Interestingly, we could show that lymph nodes with round shape were predictive of metastases, which is confirming its position in general interpretation criteria of CT and MRI imaging in PCa. Regarding the multiple logistic regression analysis, one can argue that the combination of LN-shape and MRI-T-stage (model eight) had AUC and pseudo R2 close to model three (LN-ADCmean and MRI-T-stage) and even higher accuracy 0.78
It should be noted that all of the predictive factors in our study except LN-SUVmax can be obtained from non-contrast enhanced MRI, this is of relevance since 11C acetate PET/CT is associated with high cost and limited availability. However the LN for measurement of ADC values was also chosen according to 11C acetate PET/CT uptake, and this might bias the interpretation.
A limitation of this study is that the number of observations did not allow for more than two variables in multiple logistic regression analysis, which prevented us from exploring the true diagnostic performance of a large model with all predictors included.
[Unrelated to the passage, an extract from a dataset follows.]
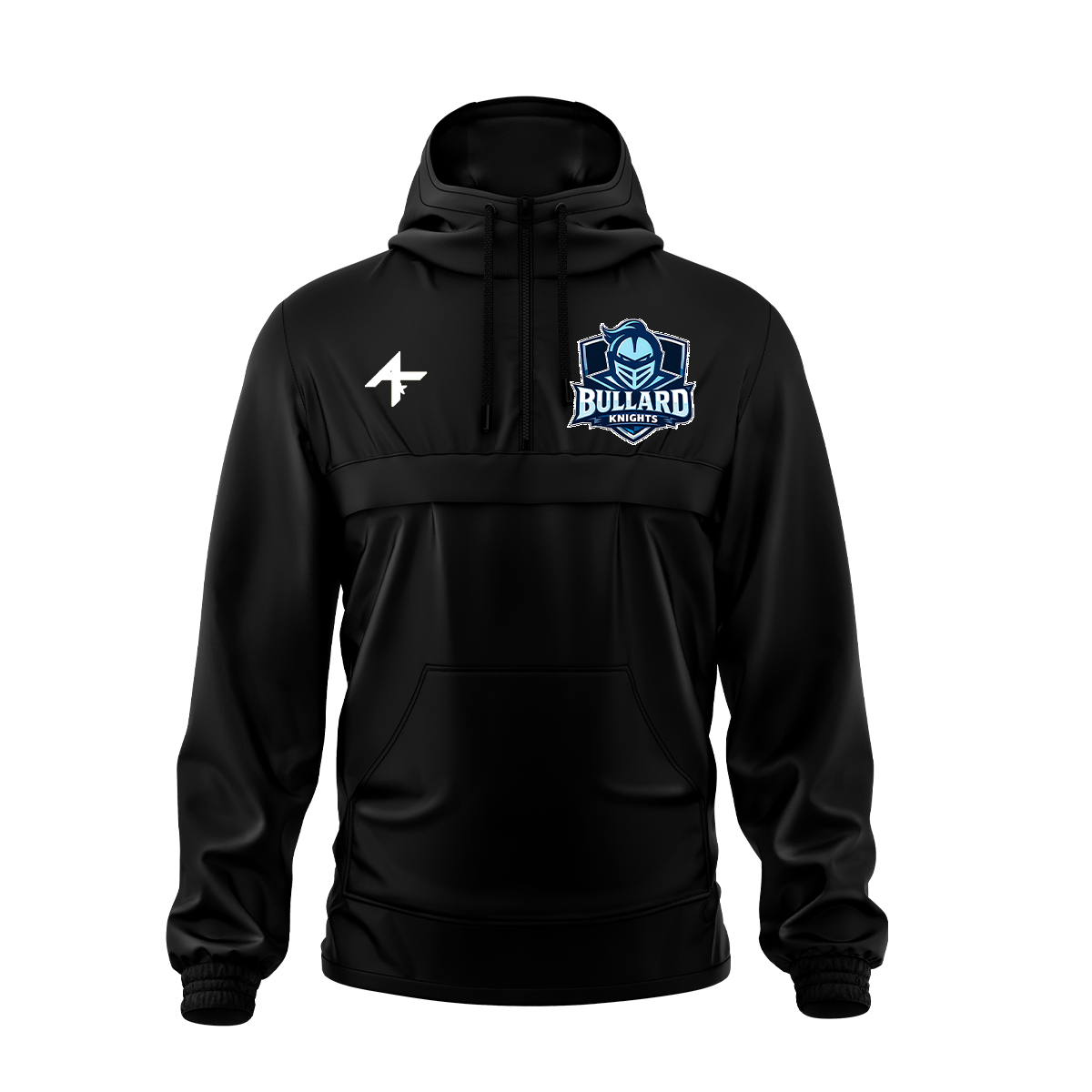 AF1 Bullard Knights Windbreaker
Another limitation is that the ADC measurements in lymph nodes smaller than 6 mm could be hampered by partial volume effect. Since it is very difficult to correlate single, specific lymph node histology to imaging, we chose to select the lymph node with the visually most suspicious findings from any of the anatomical regions included in the ePLND, for each patient.
In this prospective study we could show that a number of predictive factors for regional lymph node metastasis in patients with intermediate- and high-risk PCa could be retrieved from MRI and 11C acetate PET/CT. SUVmax, ADCmean, size and shape of regional lymph nodes were all predictive of lymph node metastases as were T-stage on MRI. The combination of ADCmean in lymph nodes and T-stage on MRI was the best model in multiple logistic regression with increased predictive value compared to lymph node ADCmean and T-stage on MRI alone. The relatively low diagnostic accuracy in the present study, as well as in other previously published studies10,32, show that there is at present a limited role of anatomical and functional imaging for lymph node staging in patients with prostate cancer. Future studies including more patients are needed to validate our findings.